Untuk bisa menjadi manusia yang berbudi luhur, harus ada niat yang sungguh-sungguh pada setiap individu. Niat ini merupakan inti dari hakikat manusia yang tidak diintervensi oleh siapa pun. Kalau hakikat ini bisa diintervensi—artinya kalau keputusan dan pilihan manusia dikendalikan oleh kekuatan di luar dirinya—maka manusia tidak perlu bertanggung jawab atas keputusan dan pilihannya.

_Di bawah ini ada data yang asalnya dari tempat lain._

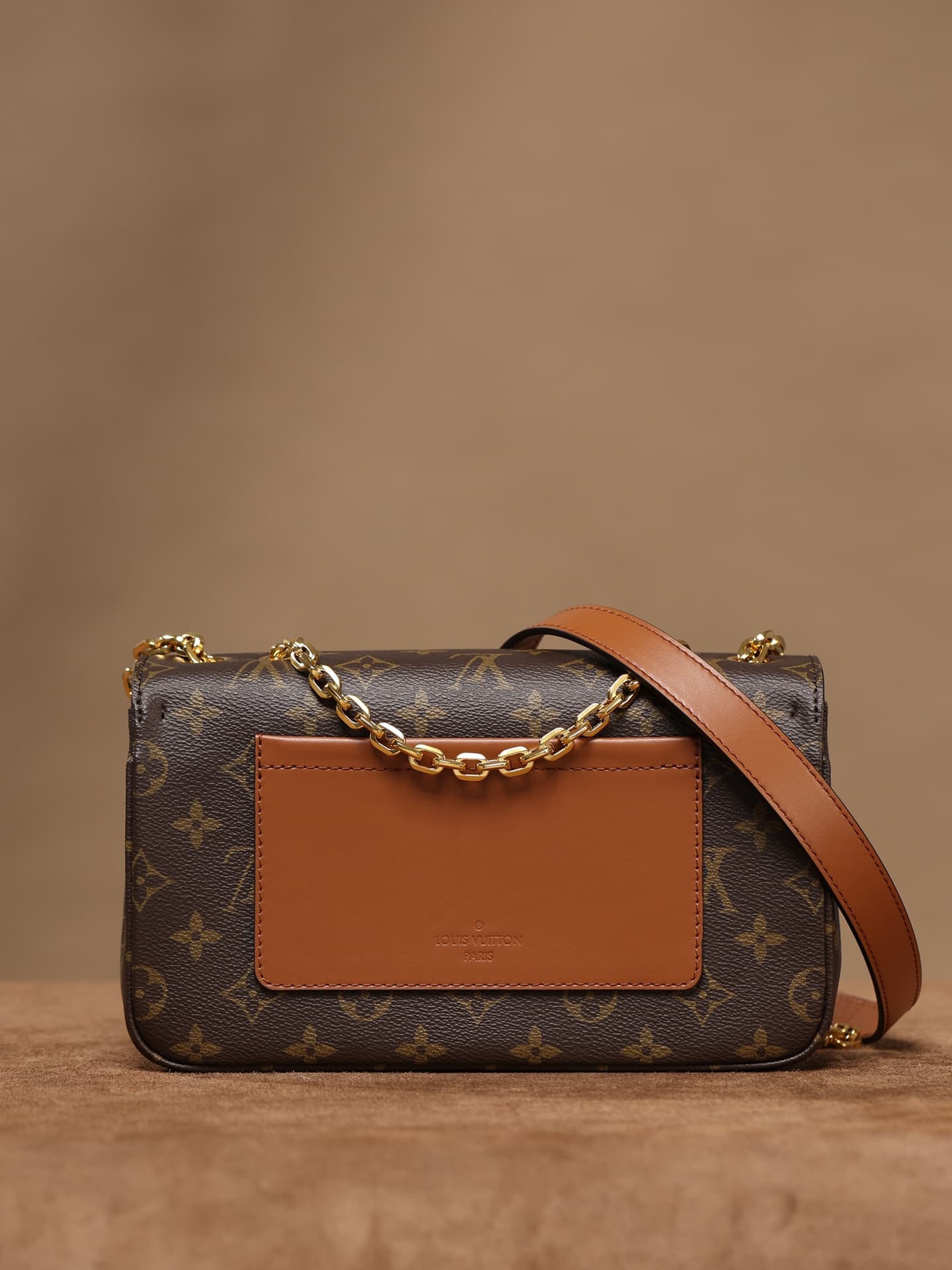 Louis Vuitton POCHETTE MÉTIS Handbag M46127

Oleh sebab itu, harus dimengerti bahwa sesungguhnya Iblis tidak dapat mencegah manusia berbuat baik, tetapi di lain pihak Tuhan pun tidak bisa memaksa manusia berbuat baik (Kej. 4:7). Manusia diberi kehendak bebas untuk memilih dan menentukan nasib atau keadaannya. Manusia memilih apakah mengasihi sesamanya atau mendatangkan bencana bagi sesamanya.

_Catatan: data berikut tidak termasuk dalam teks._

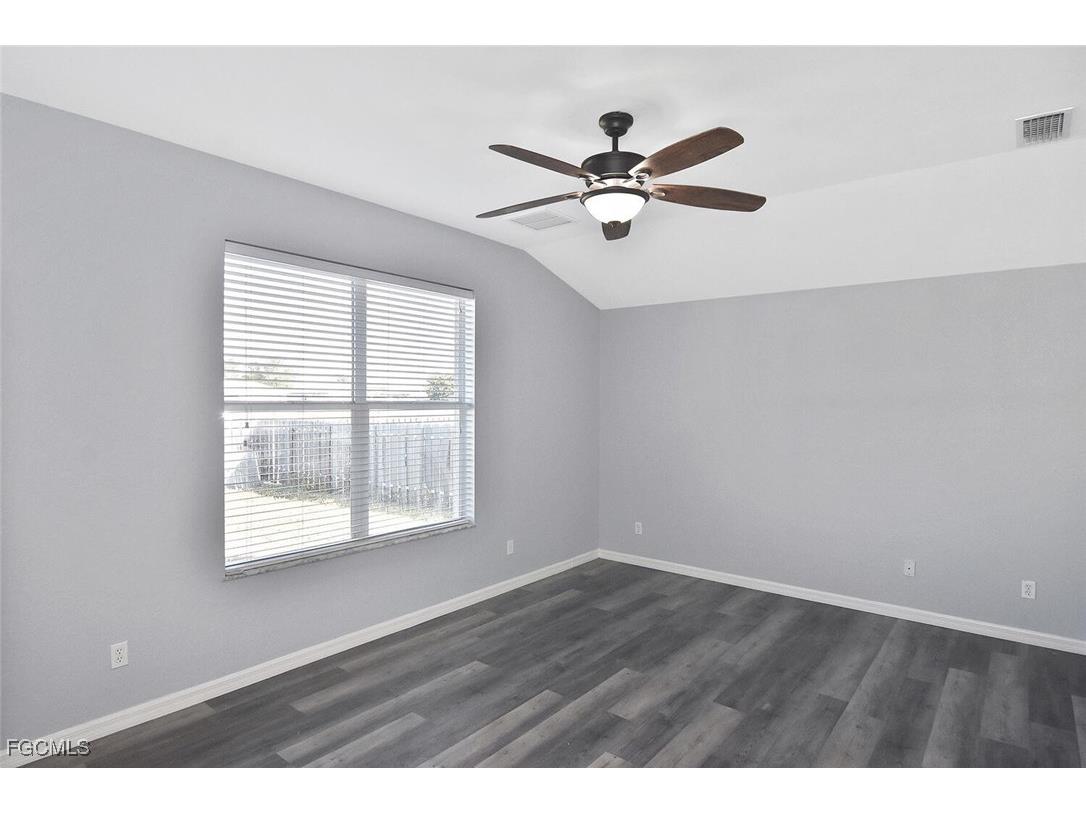 501 NW 6th Terrace Cape Coral FL 33993 2025024110 image29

Berbeda dengan hewan yang oleh nalurinya mereka bergerak dan mempertahankan hidup, apa pun mereka lakukan demi mempertahankan hidup ini. Mereka tidak dapat menghindarkan diri dari dorongan yang sudah menjadi kodrat dalam diri hewan tersebut. Mereka tidak dapat menjadi makhluk yang agung. Bisa dimengerti kalau mereka tidak memiliki “adab” atau kesantunan hidup. Berbeda dengan manusia. Manusia bisa mengatur dorongan yang ada di dalam dirinya. Itulah sebabnya manusia bisa bertanggung jawab atas dirinya di hadapan Tuhan yang menciptakan dirinya.

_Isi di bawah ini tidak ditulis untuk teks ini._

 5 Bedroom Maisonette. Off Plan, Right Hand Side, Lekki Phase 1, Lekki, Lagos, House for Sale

Adalah bodoh kalau memandang seakan-akan manusia dipaksa untuk berbuat baik atau berbuat jahat berdasarkan takdir atau pemilihan Tuhan. Seakan-akan manusia menjadi seperti hewan yang tidak dapat menghindarkan diri dari dorongan yang ada padanya. Kebebasan manusia mengambil keputusan menunjukkan keagungan manusia itu sendiri. Kalau manusia memilih melakukan kebajikan bagi sesamanya, berarti ia menjadikan keagungan dalam dirinya bernilai tinggi. Tetapi sebaliknya, kalau ia tidak melakukan kebajikan, maka ia membuat keagungannya rusak sehingga ia bernilai rendah. Itulah sebabnya manusia yang merusak keagungan dirinya, akan dibinasakan. Jadi, kalau manusia binasa, hal itu disebabkan oleh pilihannya dan keputusan sendiri, bukan karena dorongan dari pihak di luar dirinya atau takdirnya. Sesuatu di luar diri manusia memang memiliki pengaruh, tetapi tidak menentukan. Bagaimana pun manusia itu sendiri yang menentukan pilihan dan keputusannya. Itulah sebabnya Paulus berkata bahwa ia berusaha untuk berkenan kepada Allah (2 Kor. 5:9-10).